Thanks for posting and letting us know you fixed your issue!

Best Regards,
Chris

Go to forum: wolfSSL

105 Reply by chrisc

(9 replies, posted in wolfSSL)

Hi,

Can you send me the output of your wolfSSL debug log for the case you think is odd/incorrect?  wolfSSL debugging can be enabled by compiling wolfSSL with DEBUG_WOLFSSL, then calling wolfSSL_Debugging_ON() as the first wolfSSL function call in your application code.

Thanks,
Chris

Go to forum: wolfSSL

106 Reply by chrisc

(6 replies, posted in wolfSSL)

Hi sfefanoss1019,

If you want to import an ECC key in DER format into an ecc_key structure, you will want to use the following function.  If you are importing an ECC generated by OpenSSL, you will want to compile wolfSSL with ECC_DECODE_EXTRA defined.

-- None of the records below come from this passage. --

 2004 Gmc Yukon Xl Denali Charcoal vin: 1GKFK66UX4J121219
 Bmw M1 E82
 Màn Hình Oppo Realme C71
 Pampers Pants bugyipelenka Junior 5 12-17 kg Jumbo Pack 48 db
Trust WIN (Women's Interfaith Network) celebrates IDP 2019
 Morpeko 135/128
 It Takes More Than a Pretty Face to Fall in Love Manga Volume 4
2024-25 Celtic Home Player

#include <wolfssl/wolfcrypt/asn_public.h>
int wc_EccPublicKeyDecode(const byte* input, word32* inOutIdx, ecc_key* key, word32 inSz);

If you instead want to import an ECC key into a WOLFSSL_CTX structure, for use in an SSL/TLS connection, you can use the following function.  Again, you will need to compile wolfSSL with ECC_DECODE_EXTRA if loading an ECC key generated by OpenSSL:

#include <wolfssl/ssl.h>
int wolfSSL_CTX_use_PrivateKey_file(WOLFSSL_CTX* ctx, const char* file, int format);

The "format" parameter in the above function should be either SSL_FILETYPE_PEM if the key is PEM formatted or SSL_FILETYPE_ASN1 for a DER formatted key.

Best Regards,
Chris

Go to forum: wolfSSL

107 Reply by chrisc

(4 replies, posted in wolfCrypt)

To answer your question about fastmath as the default, we do enable it as the default on Unix/Linux 64-bit platforms.

On some 32-bit platforms users will get an error about a missing register being available because of PIC.  We have a few workarounds for this issue listed in the README, but for out-of-the-box compilation we have opted not to enable it by default on 32-bit platforms.

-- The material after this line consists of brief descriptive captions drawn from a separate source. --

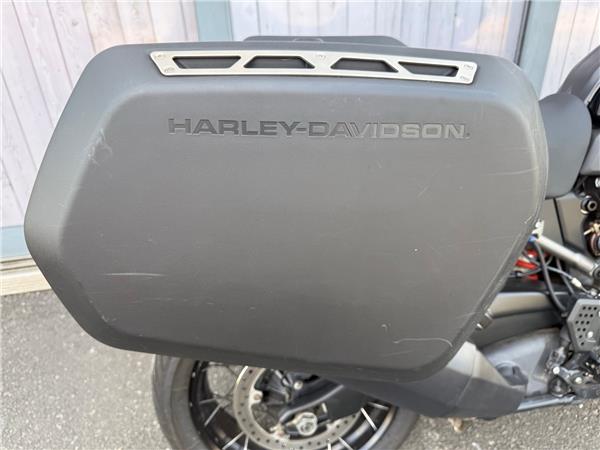 2021 HARLEY-DAVIDSON ADVENTURE TOURING RA1250S PAN AMERICA 1250 SPECIAL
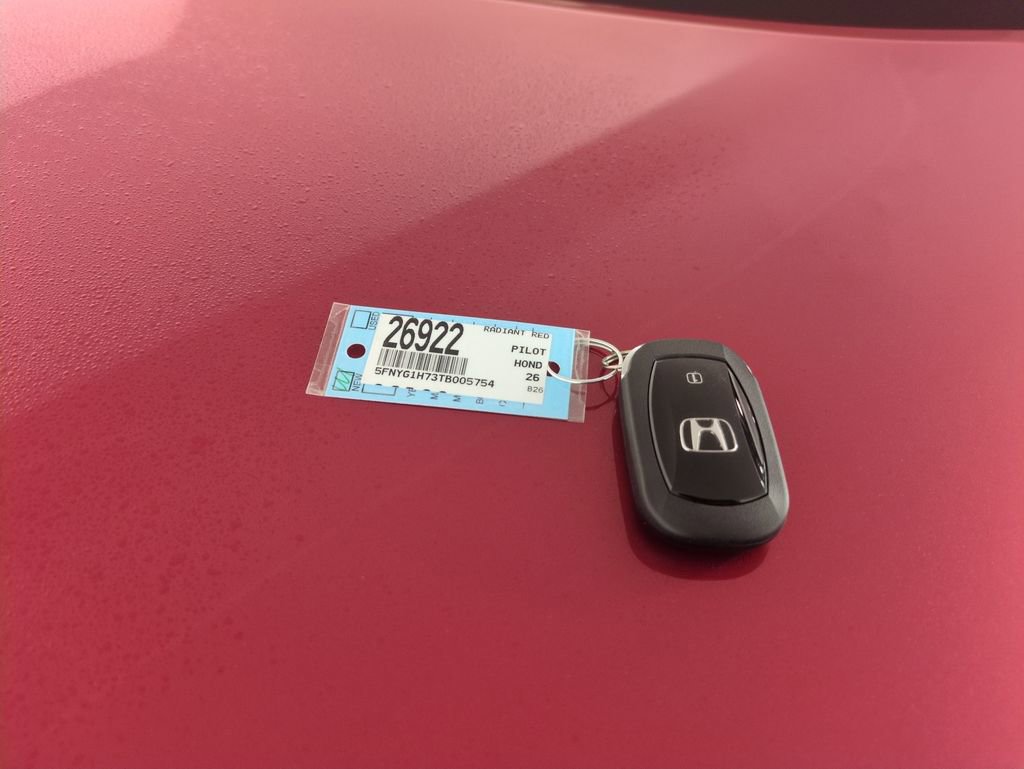 New 2026 Honda Pilot Touring image 29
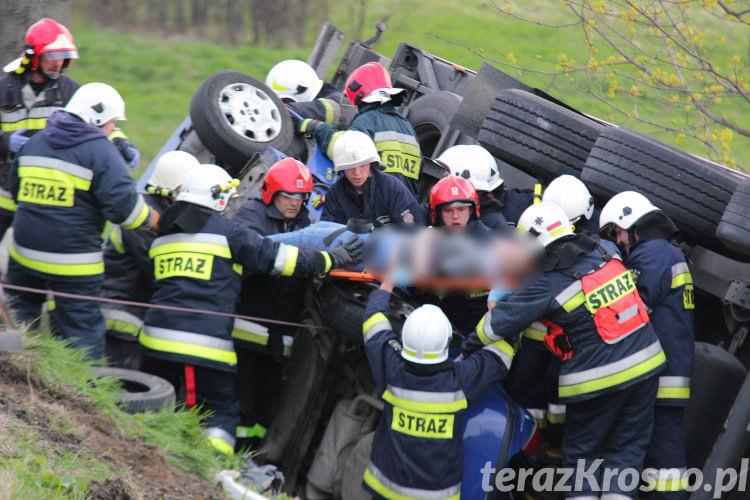 Śmiertelny wypadek w Równem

In general, fastmath is more commonly used over the normal big integer library - both on embedded platforms and desktop/enterprise ones.  It is quite a bit faster on most platforms.

Best Regards,
Chris

Go to forum: wolfCrypt

108 Reply by chrisc

(4 replies, posted in wolfCrypt)

Hi Michael,

I verified that the wolfCrypt test's certificate request generation successfully generates "certreq.pem" using both the normal and fastmath libraries, on my development machine (OSX).

To address your header question, can you first verify that wolfSSL and your application are being compiled with the exact same preprocessor defines?  If these differ it's very possible that you could be seeing problems.  That was the issue the the post you linked to.

Thanks,
Chris

Go to forum: wolfCrypt

109 Reply by chrisc

(11 replies, posted in wolfSSL)

Hi StrToLower,

The main source and header directories of the wolfSSL package are:

./wolfssl - All wolfSSL and wolfCrypt headers, this directory structure needs to remain intact (ie: ./wolfssl, ./wolfssl/wolfcrypt, etc.).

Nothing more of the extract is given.